I'd like something that doesn't need live crickets and is calm enough to allow a child to handle it. The leopard geckos would be great, except for the crickets part. Any ideas, anyone?

Thanks.
Jen


----------



## roxanne86 (Feb 23, 2008)

how about a tortoise? all they eat is vedge, i got one for my lil brother when he was 12


----------



## Drummerkid (Sep 24, 2007)

if you do get a tortoise they need a diet of 100% weeds such as dandelion, plaintain etc.


----------



## roxanne86 (Feb 23, 2008)

yes dandelion leaves are a big part of diet, but not hard to get hold of!! they can also have kale, courgette, grated carrot, grated apple, and occasionally a bit of grape!


----------



## roxanne86 (Feb 23, 2008)

you can even get a complete dry food but its more natural to feed them vedge and leaves


----------



## Drummerkid (Sep 24, 2007)

Yep. 100% weed diet with a bit of fuit and veg every now and then.

try and feed a wide varity of weeds not just one or two.

PM me if you're intrested in further details.


----------



## Rou (Dec 23, 2007)

Marginated tortoise or red footed tortoise. Only consume vegetation and are okay to handle as they are unable to scrabble and wont bite unless extremely provoked. I see from your profile you currently own a turtle so if a tortoise doesnt take your fancy what about a pair of aquatic frogs (Hymenochirus curtipes)?

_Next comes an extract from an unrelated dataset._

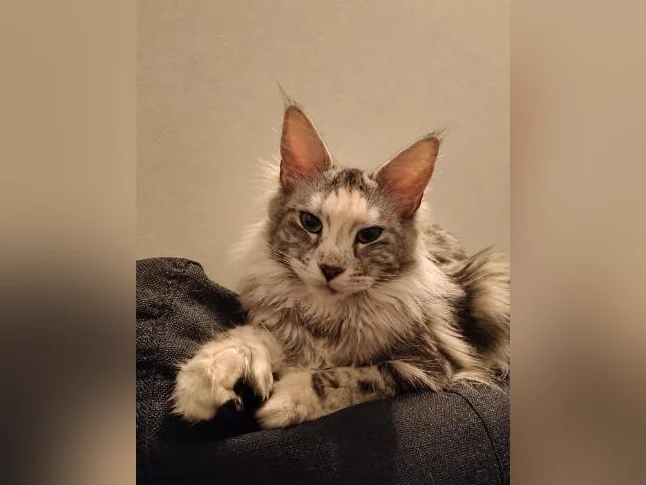 Maine Coon thumbnail 4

These are lovely to look at and as they are fully aquatic they can be kept in a suitable tropical fish tank (pref not with other fish as they may become aggressive). These fellows are as simple to keep as a goldfish.
They feed can be fed mainly on fish flakes however they do agree with blood worms (can be bought dried or in liquid form). 

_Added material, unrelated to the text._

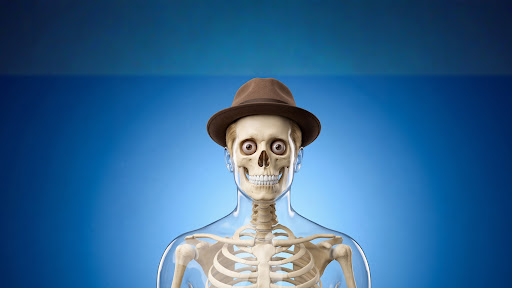 Mr. Skeleton banner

The only downfall about these guys is that they cannot be handled as they are just like a frog shaped fish.

Hows that?


----------



## neil777snake (Dec 6, 2008)

there are many veggie reptles on the market, why noy get one of these. Uromastyx lizards are vegatarians, grow to about 1 foot and can be handled no problem. they are very easy to care for as well..


----------



## wigey (Nov 24, 2008)

iguanas are vegees rough green snakes eat bugs but not mise


----------